_Task brief_. Among the records that follow, set down only the lines from the one containing "Antique Stoneware Pottery" to the one containing "Miniatura 10 de", both included, exactly.

_Supplied data_.
■ ■ ■

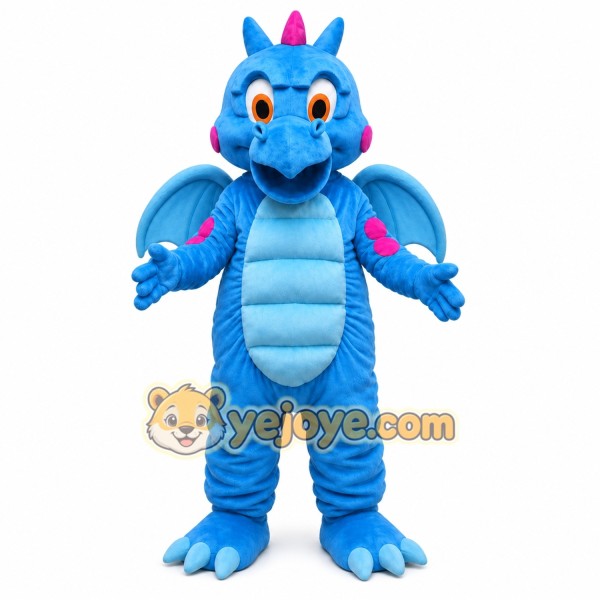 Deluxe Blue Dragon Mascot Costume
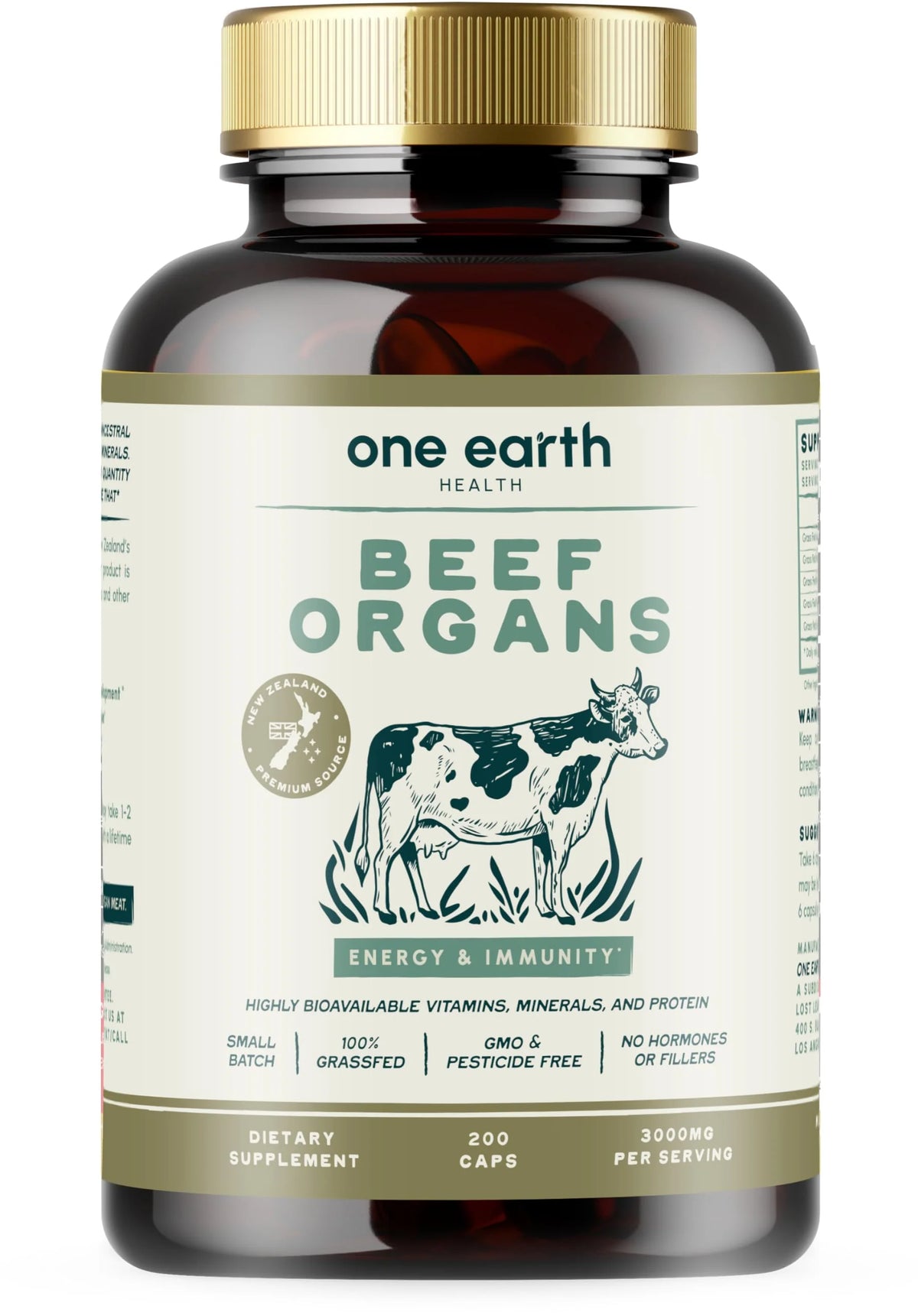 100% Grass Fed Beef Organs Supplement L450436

■ ■ ■

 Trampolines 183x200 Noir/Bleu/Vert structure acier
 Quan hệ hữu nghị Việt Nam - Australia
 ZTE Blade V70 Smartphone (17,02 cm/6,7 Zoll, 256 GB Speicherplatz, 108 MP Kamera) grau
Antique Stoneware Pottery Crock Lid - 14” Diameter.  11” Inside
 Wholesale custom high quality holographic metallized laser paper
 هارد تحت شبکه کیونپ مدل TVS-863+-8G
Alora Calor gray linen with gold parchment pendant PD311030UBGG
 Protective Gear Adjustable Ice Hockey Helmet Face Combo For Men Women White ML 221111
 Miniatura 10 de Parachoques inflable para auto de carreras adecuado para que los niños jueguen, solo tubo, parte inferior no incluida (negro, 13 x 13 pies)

■ ■ ■

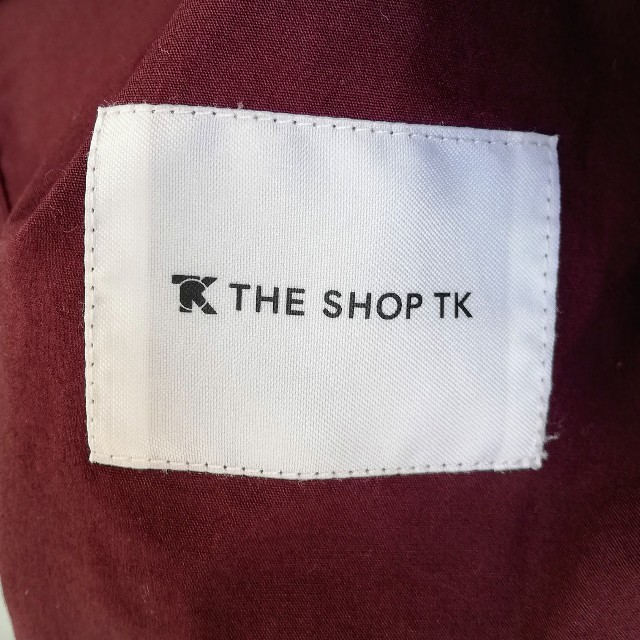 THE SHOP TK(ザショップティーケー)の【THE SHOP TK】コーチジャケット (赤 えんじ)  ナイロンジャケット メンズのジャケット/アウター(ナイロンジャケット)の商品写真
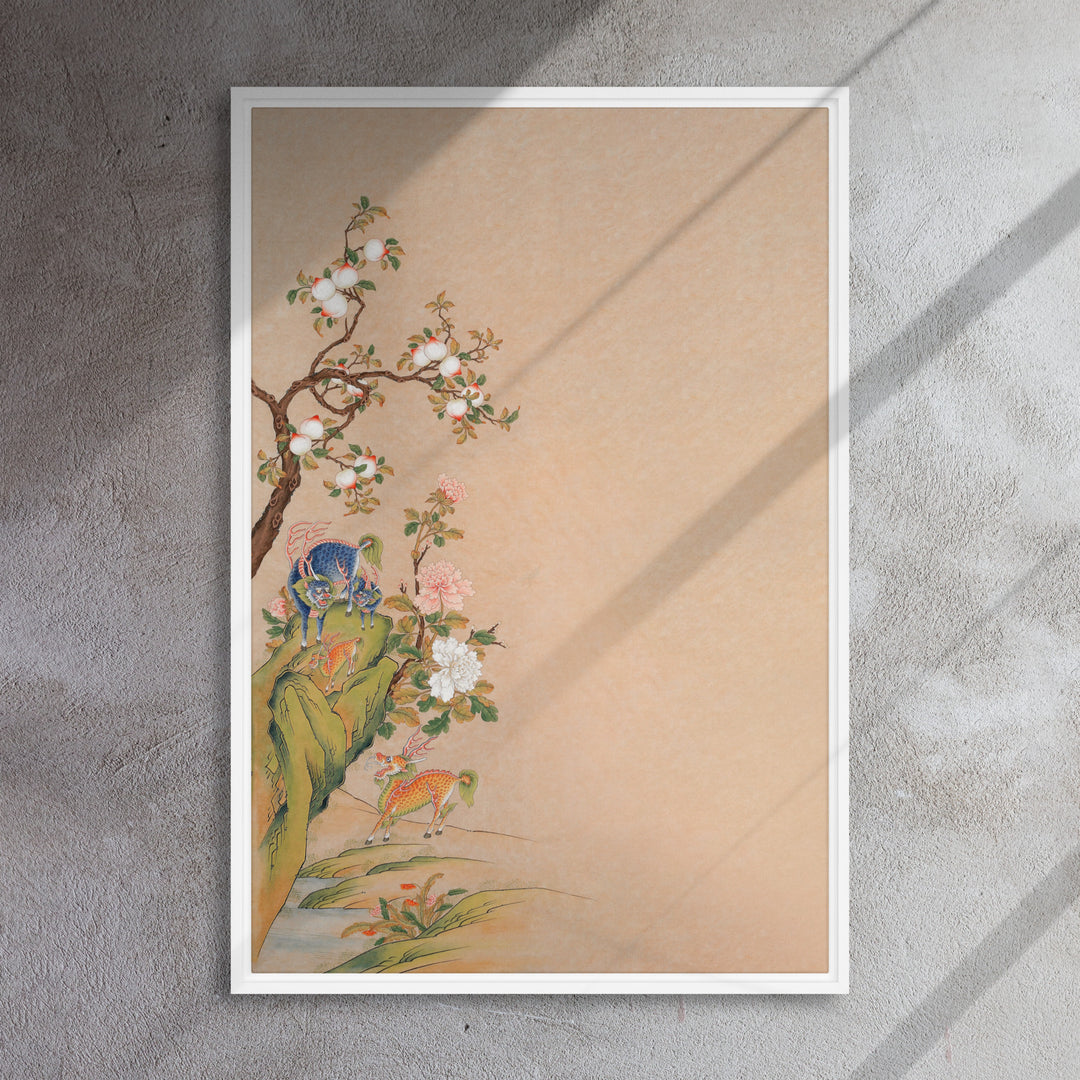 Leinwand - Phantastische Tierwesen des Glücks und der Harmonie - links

■ ■ ■

_Exercise solution_.
Antique Stoneware Pottery Crock Lid - 14” Diameter.  11” Inside
 Wholesale custom high quality holographic metallized laser paper
 هارد تحت شبکه کیونپ مدل TVS-863+-8G
Alora Calor gray linen with gold parchment pendant PD311030UBGG
 Protective Gear Adjustable Ice Hockey Helmet Face Combo For Men Women White ML 221111
 Miniatura 10 de Parachoques inflable para auto de carreras adecuado para que los niños jueguen, solo tubo, parte inferior no incluida (negro, 13 x 13 pies)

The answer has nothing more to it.